▶ [Task to carry out] Copy the lines below exactly. No picture goes into the copy.

▶ [Data section]
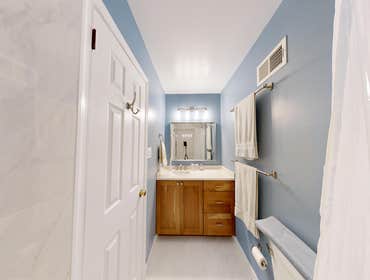 David's Bathroom Reno! Bright bathroom inspiration with soft blue walls, natural wood vanity cabinets, and sleek white finishes. A timeless remodel ide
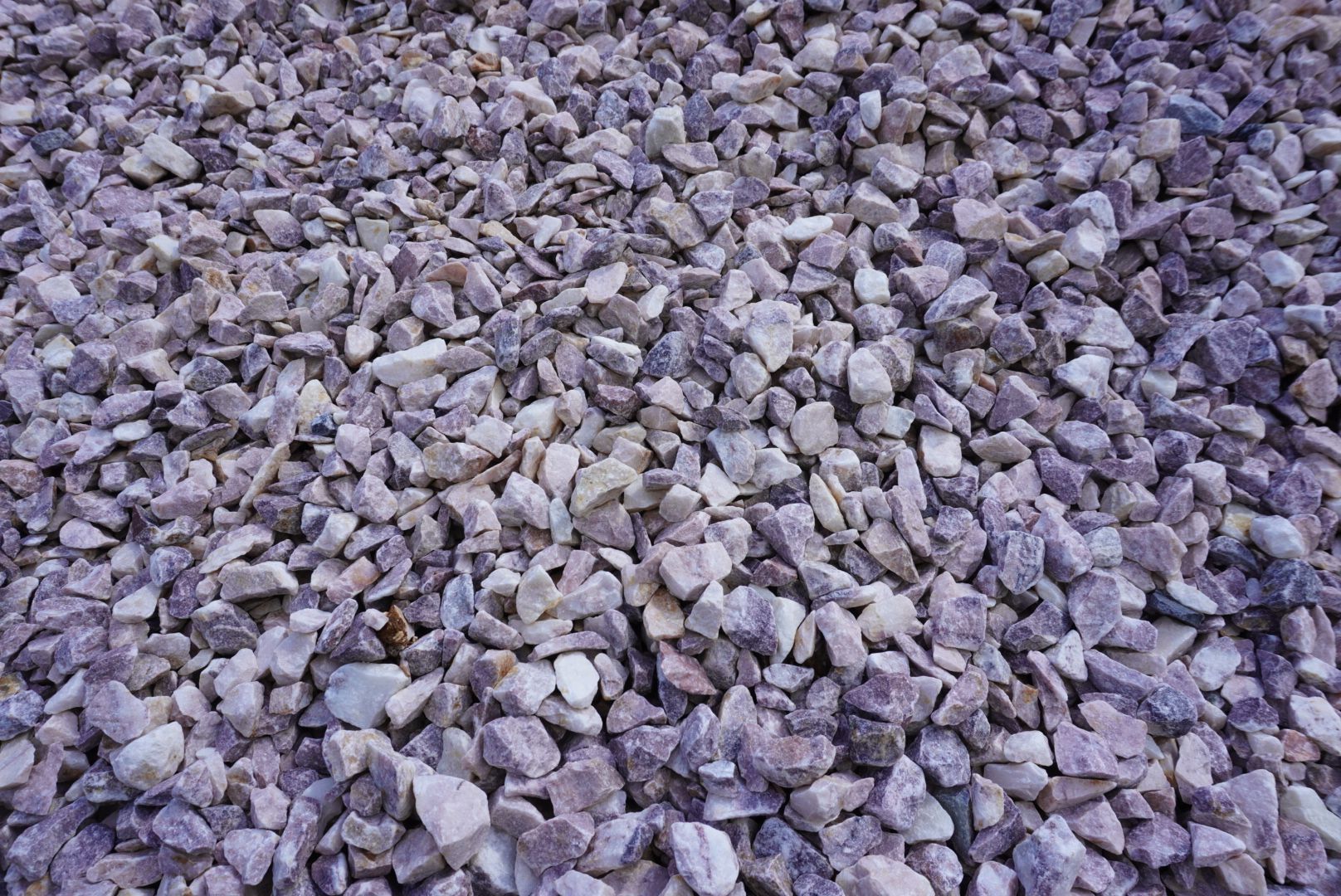 A pile of small gray and purple rocks covering the ground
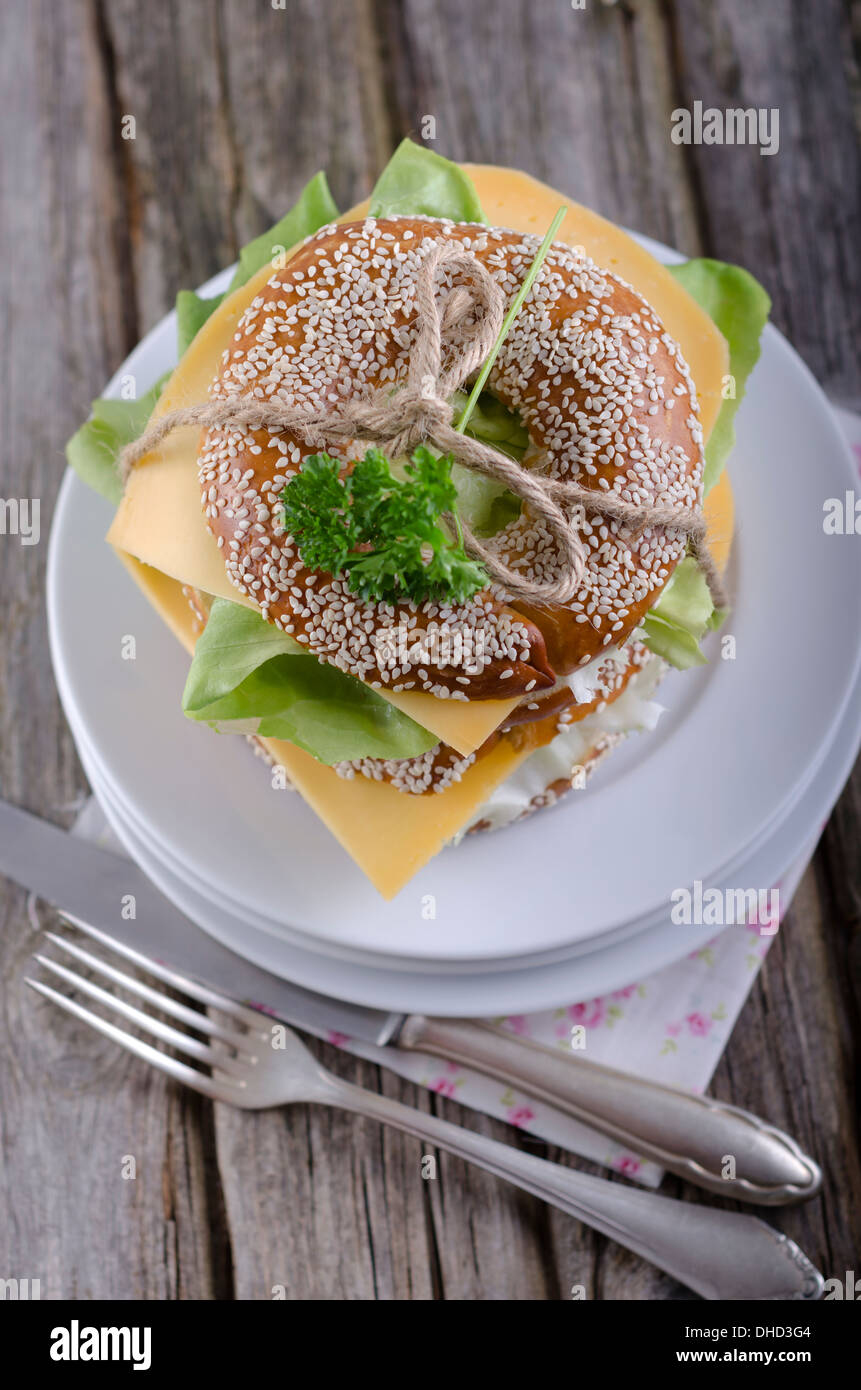 Two sesame bagels with Gouda and lettuce leaf, studio shot Stock Photo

▶ [Answer section]
 David's Bathroom Reno! Bright bathroom inspiration with soft blue walls, natural wood vanity cabinets, and sleek white finishes. A timeless remodel ide
 A pile of small gray and purple rocks covering the ground
 Two sesame bagels with Gouda and lettuce leaf, studio shot Stock Photo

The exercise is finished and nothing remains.